Israeli Minister: ‘Bi-national state does not necessarily mean one man-one vote’
Friday’s Makor Rishon, a right-wing Israeli newspaper, ran a feature on the Israeli reaction to Palestinian threats of either demanding a democratic bi-national state in the whole of Mandatory Palestine or unilaterally declaring a Palestinian State in the 1967 borders. Minister of Information and Diaspora, Yuli Edelstein, of Netanyahu’s Likud party, was quoted as saying that he doesn’t see a bi-national state as a threat because it doesn’t necessarily imply full voting rights for the Palestinian population.
Excerpt from “And if the Palestinians declare a state”, Makor Rishon Political Supplement, November 13 2009 [page 8]
Yuli Edelstein thinks that the bi-national scenario will not pose a substantial problem for Israel. “It’s a threat that was always waved but there a thousand and one intermediate paths and examples from all over the world that stray from the principle of ‘one man – one vote.” There are all kinds of federations and confederations and other varied arrangements that can provide an answer to the right to vote.”
If this is the line of strategic thinking prevalent among the Israeli right-wing elite, it may help explain why the Jerusalem Post’s hardliner columnist, Caroline Glick, started advocating, also on Friday, the ‘integration of the West Bank’s Palestinian population into Israeli society.’

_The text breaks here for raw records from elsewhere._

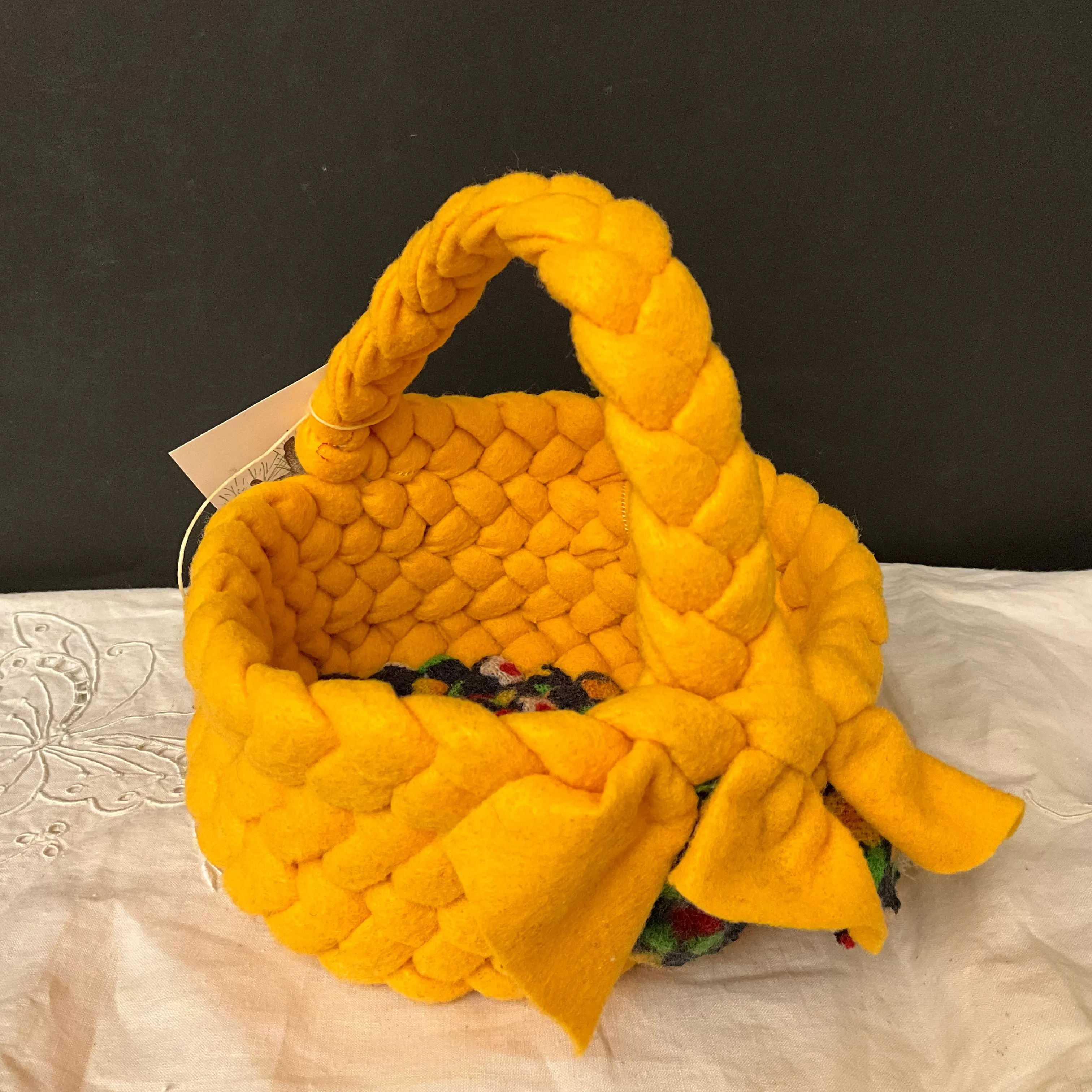 Small One Handle Basket in Bright Yellow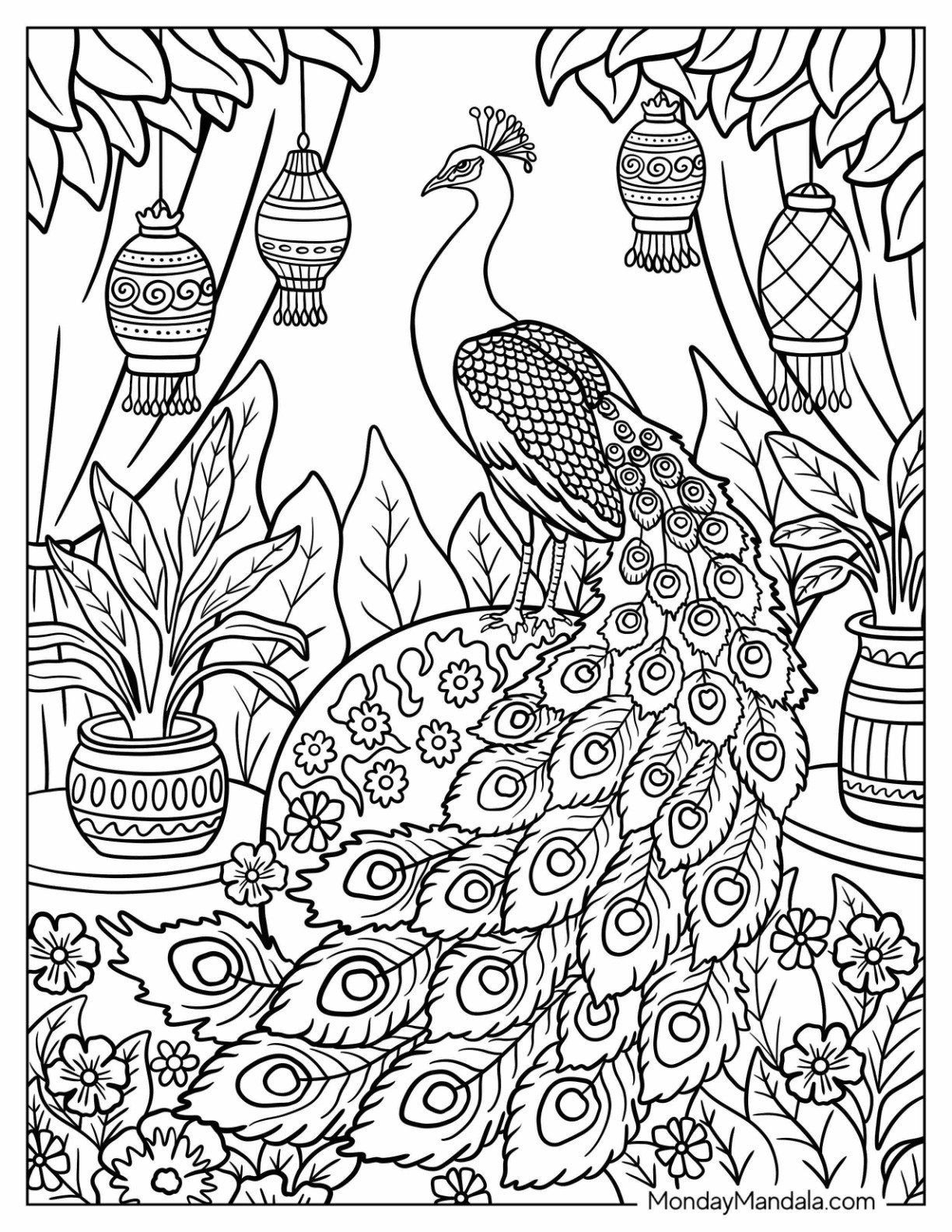 Elegant Peacock Coloring Page Among Hanging Lanterns And Potted Plants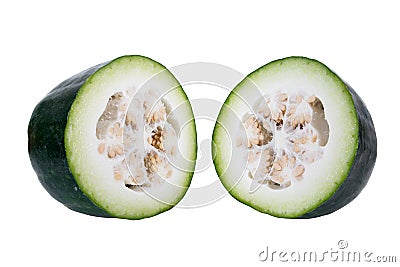 Cut half winter melon isolated on white background.Benincasa hispida plant Stock Photo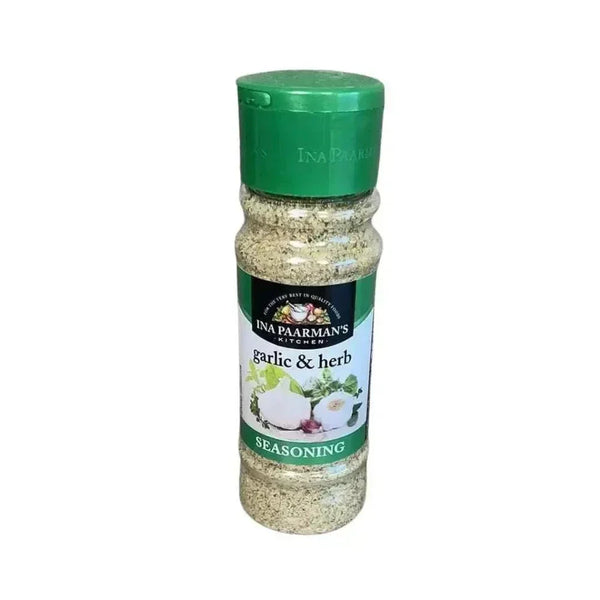 Ina Paarman Garlic and Herb seasoning bottle 200ml for versatile cooking and flavor enhancement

As Netanyahu knows, there is consensus support among Israelis for his plan to ensure that the country retains defensible borders in perpetuity. This involves establishing permanent Israeli control over the Jordan Valley and the large Jewish population blocs in Judea and Samaria. In light of the well-recognized failure of the two-state solution [horse feathers edited cause I just ate my dinner] … Israel should strike out on a new course and work toward the integration of Judea and Samaria, including its Palestinian population, into Israeli society. In the first instance, this will require the implementation of Israeli law in the Jordan Valley and the large settlement blocs.